Producer-director Howard Hawks was immersed in script and casting
problems with Gunga Din (1939) when he decided he needed a change of pace
in 1937, so he started looking around for something different. He found it
when someone in RKO's story department recommended a Collier's
magazine story by Hagar Wilde called "Bringing Up Baby." The story dealt
with a couple who lose a tame panther in the wilds of Connecticut. He
picked up the rights for just $1,004.
After working with Wilde for a few weeks to flesh out the story, Hawks
realized he would need a more experienced screenwriter, so he called in
Dudley Nichols, better known for such dramatic films as The
Informer (1935), and asked him to work with her. It would be Nichols' only
real comedy.
The property was always planned as a vehicle for Katharine Hepburn. In
fact, it would be her first pure comedy.

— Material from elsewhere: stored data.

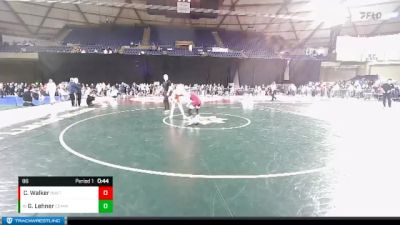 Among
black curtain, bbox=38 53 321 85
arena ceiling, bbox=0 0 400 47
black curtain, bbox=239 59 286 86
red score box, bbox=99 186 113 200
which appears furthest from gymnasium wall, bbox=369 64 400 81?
red score box, bbox=99 186 113 200

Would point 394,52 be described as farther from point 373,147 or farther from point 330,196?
point 330,196

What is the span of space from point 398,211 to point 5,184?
3515 millimetres

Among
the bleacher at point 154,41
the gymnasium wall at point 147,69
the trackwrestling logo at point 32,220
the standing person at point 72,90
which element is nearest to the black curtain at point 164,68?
the gymnasium wall at point 147,69

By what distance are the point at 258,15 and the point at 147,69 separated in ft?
21.1

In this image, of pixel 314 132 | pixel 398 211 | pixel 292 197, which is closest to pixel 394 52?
pixel 314 132

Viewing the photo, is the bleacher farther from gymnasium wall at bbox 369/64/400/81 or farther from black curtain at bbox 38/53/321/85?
gymnasium wall at bbox 369/64/400/81

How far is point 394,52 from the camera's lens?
5477 millimetres

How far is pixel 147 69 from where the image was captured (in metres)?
11.8

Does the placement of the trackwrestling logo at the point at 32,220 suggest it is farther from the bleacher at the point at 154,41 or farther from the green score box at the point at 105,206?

Up to that point, Hepburn had been featured
mostly in period romances, but audiences had tired of her work in those
films, so the studio was trying to resuscitate her career with more
contemporary roles. At the time RKO picked up the story, she was filming
Stage Door (1937), a contemporary backstage story, and reports from the set
indicated that the film might turn her box-office decline around. It didn't,
scoring only a small profit, but Bringing Up Baby was an attempt to
move her career further in what seemed to be the right
direction.
Nichols modeled the character of Susan Vance on the Hepburn he had seen
on the set of John Ford's Mary of Scotland, which he had written.

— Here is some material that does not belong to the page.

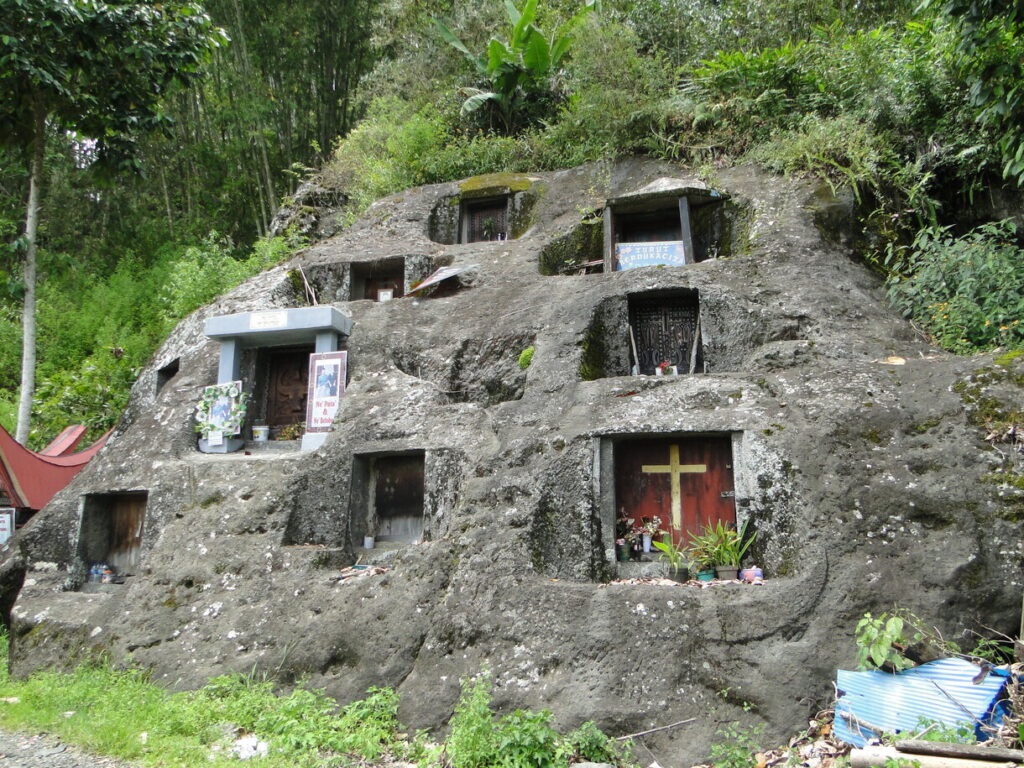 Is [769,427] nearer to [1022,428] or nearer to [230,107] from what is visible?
[1022,428]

The director and star had forged a close friendship while working on the film,
with Hepburn's playfulness constantly tweaking Ford's more serious nature.

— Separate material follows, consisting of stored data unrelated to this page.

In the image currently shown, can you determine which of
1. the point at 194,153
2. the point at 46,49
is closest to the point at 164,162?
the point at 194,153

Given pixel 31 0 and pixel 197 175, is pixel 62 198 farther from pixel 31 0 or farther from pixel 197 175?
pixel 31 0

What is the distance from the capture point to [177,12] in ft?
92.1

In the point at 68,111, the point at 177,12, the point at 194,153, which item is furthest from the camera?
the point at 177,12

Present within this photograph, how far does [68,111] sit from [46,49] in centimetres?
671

Some historians even think Ford was the model for Bringing Up Baby's
leading man, David Huxley.
The male lead was turned down by Leslie Howard, Fredric March, Robert
Montgomery, Ronald Colman and Ray Milland before Hawks turned to Cary
Grant, who had previously worked with Hepburn in Sylvia Scarlett (1935).
Grant didn't want to do the film either, claiming that he didn't understand
the character. Hawks said, "You've seen Harold Lloyd, haven't you?" and
counseled the actor to play the role in the manner of the noted silent
screen clown as a total innocent caught up in insane events. He even had
Grant wear horn-rimmed glasses like Lloyd's.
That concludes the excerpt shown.